In many of the world's oceans, currents carry debris and pollution originating from coastlines. This waste accumulates in regional gyres - where ocean currents meet, and can reach extremely high concentrations. Plastic is estimated to account for 60-80% of this debris, and is known to be gradually broken down by solar energy and the mechanical action of the sea. This means the majority of the plastic waste are several millimetres in diameter or less, which has made efforts to clean them from the ocean largely unsuccessful. These tiny plastic fragments - microplastics - enter the digestive systems of resident organisms, which are affected either by the physical size of the plastic or its toxicity from adsorbing organic pollutants.

UCL iGEM proposes a synthetic biology approach for the bioremediation of micro-plastic pollutants within the marine environment, with emphasis on regions of excessive debris accumulation, such as the 'Great pacific garbage patch’ in the North Pacific gyre.

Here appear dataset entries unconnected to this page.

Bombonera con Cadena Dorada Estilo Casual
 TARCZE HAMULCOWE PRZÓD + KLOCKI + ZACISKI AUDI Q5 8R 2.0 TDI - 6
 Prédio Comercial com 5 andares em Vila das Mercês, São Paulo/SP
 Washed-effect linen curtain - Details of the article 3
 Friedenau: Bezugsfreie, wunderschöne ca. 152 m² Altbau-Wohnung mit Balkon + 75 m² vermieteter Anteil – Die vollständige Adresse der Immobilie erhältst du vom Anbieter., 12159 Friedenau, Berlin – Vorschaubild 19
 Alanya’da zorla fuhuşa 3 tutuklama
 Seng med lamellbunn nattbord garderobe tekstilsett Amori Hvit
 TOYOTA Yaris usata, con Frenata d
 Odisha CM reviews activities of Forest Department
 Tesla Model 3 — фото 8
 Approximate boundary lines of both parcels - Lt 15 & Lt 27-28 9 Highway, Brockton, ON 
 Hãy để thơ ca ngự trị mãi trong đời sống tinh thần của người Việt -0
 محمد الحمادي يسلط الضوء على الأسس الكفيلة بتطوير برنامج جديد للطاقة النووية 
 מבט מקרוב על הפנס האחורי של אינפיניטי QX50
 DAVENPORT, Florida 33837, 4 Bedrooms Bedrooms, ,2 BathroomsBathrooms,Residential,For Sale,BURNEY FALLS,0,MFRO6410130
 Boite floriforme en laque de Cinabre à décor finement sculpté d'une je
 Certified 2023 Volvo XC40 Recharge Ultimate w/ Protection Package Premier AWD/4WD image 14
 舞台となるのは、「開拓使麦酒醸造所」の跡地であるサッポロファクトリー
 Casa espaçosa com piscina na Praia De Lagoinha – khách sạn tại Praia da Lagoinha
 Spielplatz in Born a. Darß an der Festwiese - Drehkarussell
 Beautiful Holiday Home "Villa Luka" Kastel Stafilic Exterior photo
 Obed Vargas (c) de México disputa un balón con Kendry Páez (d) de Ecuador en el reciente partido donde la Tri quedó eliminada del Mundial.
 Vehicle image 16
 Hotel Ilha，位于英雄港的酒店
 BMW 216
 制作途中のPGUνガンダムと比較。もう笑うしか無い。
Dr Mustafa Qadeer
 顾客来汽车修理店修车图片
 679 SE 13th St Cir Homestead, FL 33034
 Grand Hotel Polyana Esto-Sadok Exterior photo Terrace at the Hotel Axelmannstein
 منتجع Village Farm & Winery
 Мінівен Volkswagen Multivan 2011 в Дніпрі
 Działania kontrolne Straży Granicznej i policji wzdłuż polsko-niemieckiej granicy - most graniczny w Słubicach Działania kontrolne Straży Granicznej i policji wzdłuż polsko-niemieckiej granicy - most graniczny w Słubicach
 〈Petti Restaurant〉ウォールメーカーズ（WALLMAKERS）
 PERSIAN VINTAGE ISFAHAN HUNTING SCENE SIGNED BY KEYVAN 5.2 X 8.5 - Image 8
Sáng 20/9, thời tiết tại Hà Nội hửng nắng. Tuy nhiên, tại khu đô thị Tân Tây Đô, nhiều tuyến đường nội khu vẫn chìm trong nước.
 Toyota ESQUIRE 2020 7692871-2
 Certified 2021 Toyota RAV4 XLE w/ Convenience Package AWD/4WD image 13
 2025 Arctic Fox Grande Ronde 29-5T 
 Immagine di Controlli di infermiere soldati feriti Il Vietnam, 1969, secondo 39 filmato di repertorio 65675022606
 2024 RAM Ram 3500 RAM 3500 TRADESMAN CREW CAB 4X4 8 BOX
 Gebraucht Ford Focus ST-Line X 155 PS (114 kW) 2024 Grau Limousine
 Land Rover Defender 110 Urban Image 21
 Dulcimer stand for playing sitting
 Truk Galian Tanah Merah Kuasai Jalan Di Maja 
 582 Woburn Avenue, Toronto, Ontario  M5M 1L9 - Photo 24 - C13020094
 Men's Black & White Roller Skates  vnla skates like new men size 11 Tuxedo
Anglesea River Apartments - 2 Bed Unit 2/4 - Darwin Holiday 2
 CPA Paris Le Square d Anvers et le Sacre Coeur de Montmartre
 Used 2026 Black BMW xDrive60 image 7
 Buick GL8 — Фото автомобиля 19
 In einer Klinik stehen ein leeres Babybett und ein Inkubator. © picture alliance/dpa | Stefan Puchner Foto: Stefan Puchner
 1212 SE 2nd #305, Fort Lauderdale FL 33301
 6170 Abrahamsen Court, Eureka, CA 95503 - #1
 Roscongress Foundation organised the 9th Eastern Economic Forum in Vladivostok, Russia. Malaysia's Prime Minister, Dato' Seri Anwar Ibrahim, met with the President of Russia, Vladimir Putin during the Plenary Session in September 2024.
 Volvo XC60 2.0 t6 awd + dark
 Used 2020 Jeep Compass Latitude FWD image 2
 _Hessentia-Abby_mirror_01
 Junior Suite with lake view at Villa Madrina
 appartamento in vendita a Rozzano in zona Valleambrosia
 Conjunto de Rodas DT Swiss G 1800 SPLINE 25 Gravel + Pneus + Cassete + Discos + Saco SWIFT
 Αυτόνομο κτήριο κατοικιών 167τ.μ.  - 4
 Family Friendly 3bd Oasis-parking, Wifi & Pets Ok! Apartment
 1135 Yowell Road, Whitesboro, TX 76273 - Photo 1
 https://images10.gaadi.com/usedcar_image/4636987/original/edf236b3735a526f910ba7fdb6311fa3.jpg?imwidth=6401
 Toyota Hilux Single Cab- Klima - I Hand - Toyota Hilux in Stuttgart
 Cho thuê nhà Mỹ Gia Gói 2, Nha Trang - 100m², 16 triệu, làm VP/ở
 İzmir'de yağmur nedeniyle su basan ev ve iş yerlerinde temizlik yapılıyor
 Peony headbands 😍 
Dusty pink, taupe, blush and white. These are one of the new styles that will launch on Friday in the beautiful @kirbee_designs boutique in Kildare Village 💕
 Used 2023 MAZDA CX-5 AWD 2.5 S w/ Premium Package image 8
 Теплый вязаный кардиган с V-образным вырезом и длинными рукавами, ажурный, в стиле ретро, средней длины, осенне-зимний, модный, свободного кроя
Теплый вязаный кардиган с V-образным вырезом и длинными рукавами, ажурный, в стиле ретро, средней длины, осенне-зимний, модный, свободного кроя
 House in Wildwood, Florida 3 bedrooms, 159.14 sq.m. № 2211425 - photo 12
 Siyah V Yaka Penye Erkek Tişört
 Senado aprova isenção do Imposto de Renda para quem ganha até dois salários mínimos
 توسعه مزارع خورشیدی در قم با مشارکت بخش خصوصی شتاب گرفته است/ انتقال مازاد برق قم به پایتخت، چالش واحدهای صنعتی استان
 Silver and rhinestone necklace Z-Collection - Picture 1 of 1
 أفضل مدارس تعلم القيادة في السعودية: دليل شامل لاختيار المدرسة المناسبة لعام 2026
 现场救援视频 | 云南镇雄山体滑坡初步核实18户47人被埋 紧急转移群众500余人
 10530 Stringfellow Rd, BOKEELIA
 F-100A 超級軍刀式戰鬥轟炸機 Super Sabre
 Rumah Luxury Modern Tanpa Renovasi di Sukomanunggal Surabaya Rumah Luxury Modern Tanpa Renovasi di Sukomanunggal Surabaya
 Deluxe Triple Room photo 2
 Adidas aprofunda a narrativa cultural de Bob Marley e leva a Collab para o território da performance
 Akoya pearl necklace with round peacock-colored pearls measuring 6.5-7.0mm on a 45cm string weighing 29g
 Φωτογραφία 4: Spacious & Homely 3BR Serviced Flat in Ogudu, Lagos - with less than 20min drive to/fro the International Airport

We intend to engineer Escherichia coli and marine bacteria Roseobacter denitrificans & Oceanibulbus indolifex to degrade plastic, or aggregate it for collection.

Detection Module

Detection of plastics as a trigger for the Aggregation module

Our Detection module will allow our bacteria to detect the presence of plastic. This serves to control the production of our adhesive – curli fibrins – which binds non-specifically to an extraordinary array of surfaces. By producing adhesive only when plastic is present, we prevent our bacteria binding to non-plastic materials.

Aggregation Module

Curli expression for the aggregation of plastic and production of biofilm

The Aggregation Module confers onto our bacteria the means of plastic adhesion. To implement this we have decided to transform our bacteria with a genetic circuit to produce adhesive proteins called curlis. As curlis are non-specific in the surfaces they bind to, the Detection module will limit their production, unless they are in the presence of plastics.

Plastic Degradation

Multi-copper oxidase/Laccase for the degradation of polyethylene

As an alternative to the Aggregation system, we are also developing an alternative solution – the degradation of plastic. This will investigate enzymes expressed by numerous organisms that have been demonstrated to degrade plastics.

Buoyancy Module

Glucose concentration dependent buoyancy for localisation of engineered bacteria within the water column

The Buoyancy module is key to both the Degradation and the Aggregation systems. Buoyancy is required to position our bacteria in the water column, alongside the plastic fragments, and also to enable them to buoy the plastic aggregates.

Salt Tolerance

IrrE a global regulator from Deinococcus radiodurans for increased salinity tolerance in E. coli

A core module for our project is enabling E. coli to tolerate the salt content of the ocean; without this ability E. coli could not survive in a marine environment. Due to the widespread use of E. coli as a chassis for synthetic biology, this module is being developed to demonstrate that E. coli, as well as marine bacteria, could be used as the chassis for this project.

Containment Components

A novel threefold active biological containment system

UCL iGEM 2012 addresses fundamental barriers to the implementation of traditional biological containment systems. As our project proposes the release of genetically modified bacterium into the environment, we feel it is necessary to contain the risk of spreading genetic information by horizontal gene transfer. To do so we are suggesting a periplasmic nuclease system in order to degrade genetic material in the surrounding area.

A multi-containment system, consisting of three toxin/anti-toxin pairs - Holin / Anti-Holin Endolysin, Colicin-E3 / Colicin Immunity E3, and Endunuclease EcoRI / Methyltransferase EcoRI will also be considered in our containment system.